Since the 2011 uprising that ousted dictator Muammar Qaddafi, Libya has experienced more than ten years of intermittent conflict, with numerous opposing militias, international forces, and multiple administrations vying for dominance.
The nation is still divided between a reportedly interim administration in Tripoli, the capital of the west, and one in the east that is ostensibly supported by military leader Khalifa Haftar.
Even if the majority of observers believe that Libyans strongly favour elections, heated disputes about the legal justification for holding them have been a major sticking point since the most recent significant conflict between Haftar and the western Libyan forces in 2020.
The country’s House of Representatives, which is located in the east, enacted an amendment to its interim constitution last month, claiming that it would give elections a legal foundation.

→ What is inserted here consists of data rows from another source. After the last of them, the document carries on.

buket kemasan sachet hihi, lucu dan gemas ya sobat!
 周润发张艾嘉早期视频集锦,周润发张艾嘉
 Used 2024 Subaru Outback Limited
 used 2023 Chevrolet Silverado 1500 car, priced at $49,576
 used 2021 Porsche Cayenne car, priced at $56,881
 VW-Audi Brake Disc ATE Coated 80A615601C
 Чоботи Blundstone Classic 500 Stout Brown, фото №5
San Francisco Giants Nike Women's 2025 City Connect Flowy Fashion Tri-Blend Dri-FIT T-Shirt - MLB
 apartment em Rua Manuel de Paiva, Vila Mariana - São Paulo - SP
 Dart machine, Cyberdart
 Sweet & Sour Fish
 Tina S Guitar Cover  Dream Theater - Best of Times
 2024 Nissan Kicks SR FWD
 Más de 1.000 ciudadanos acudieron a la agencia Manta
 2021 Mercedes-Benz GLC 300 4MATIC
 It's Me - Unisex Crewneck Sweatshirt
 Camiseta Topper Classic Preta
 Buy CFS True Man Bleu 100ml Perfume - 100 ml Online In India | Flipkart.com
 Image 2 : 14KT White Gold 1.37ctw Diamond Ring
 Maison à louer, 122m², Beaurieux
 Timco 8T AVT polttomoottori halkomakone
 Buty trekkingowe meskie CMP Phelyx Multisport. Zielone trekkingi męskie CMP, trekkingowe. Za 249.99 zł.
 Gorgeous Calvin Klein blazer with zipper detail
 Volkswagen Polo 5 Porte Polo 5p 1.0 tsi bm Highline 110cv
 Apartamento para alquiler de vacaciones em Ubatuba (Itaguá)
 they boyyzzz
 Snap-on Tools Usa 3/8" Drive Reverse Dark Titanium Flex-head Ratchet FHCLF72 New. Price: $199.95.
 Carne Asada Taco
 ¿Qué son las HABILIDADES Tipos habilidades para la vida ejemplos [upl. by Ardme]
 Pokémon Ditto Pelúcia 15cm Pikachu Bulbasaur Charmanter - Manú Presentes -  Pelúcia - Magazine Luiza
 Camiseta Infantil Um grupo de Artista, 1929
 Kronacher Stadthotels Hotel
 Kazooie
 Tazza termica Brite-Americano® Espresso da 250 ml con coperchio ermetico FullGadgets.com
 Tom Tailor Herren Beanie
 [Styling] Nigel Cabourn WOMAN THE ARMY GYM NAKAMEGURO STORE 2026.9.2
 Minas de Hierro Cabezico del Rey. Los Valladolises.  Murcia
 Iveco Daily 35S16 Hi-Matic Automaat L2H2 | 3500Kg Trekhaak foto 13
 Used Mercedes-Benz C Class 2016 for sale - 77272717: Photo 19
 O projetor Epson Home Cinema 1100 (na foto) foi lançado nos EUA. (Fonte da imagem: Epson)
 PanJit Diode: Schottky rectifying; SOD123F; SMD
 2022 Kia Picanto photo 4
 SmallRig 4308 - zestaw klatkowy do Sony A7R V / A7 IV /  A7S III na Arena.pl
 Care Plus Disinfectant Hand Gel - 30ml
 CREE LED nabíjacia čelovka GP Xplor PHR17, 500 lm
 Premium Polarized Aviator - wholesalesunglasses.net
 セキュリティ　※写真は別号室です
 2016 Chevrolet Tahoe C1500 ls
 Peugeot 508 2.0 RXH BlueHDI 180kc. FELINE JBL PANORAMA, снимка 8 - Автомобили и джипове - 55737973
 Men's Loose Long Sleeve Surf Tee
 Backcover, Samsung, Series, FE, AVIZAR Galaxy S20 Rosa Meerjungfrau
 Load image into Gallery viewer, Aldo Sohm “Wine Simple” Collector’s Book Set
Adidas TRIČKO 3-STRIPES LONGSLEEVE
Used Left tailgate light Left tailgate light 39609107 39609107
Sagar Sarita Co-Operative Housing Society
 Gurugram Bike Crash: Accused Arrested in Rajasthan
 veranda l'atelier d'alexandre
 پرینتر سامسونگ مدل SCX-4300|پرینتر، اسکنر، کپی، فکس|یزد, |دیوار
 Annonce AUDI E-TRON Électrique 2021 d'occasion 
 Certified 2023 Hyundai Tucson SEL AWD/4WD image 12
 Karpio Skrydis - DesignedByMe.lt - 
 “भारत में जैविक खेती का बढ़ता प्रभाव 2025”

Bathily, who was named director of the UN mission in Libya UNSMIL in October, claimed that the amendment was “controversial” among Libyans and lacked clarification on important matters like who might run for president.
He also pointed out that the High Council of State, the upper house of parliament with its headquarters in Tripoli, had not approved it. Bathily was criticised by the House for having “double standards” and “lack of impartiality.”
The UN envoy’s idea, according to Libyan analyst Abdallah Al-Rayes, aims to put pressure on competing Libyan factions by providing them one final opportunity before “a vote goes place without them.”
He declared, “The two chambers are masters in the art of squandering time and political horse-trading, and the international community wants to shame them.”
Abdelhamid Dbeibah’s transitional administration, based in Tripoli, has expressed its willingness to accept Bathily’s plan and asked the UN to give logistical support to that purpose.
The UN proposal would “build on progress established between” the two chambers “on the legal framework for elections,” the US embassy said in an online post last week, calling on “important Libyan officials to approach the plan in a constructive attitude.”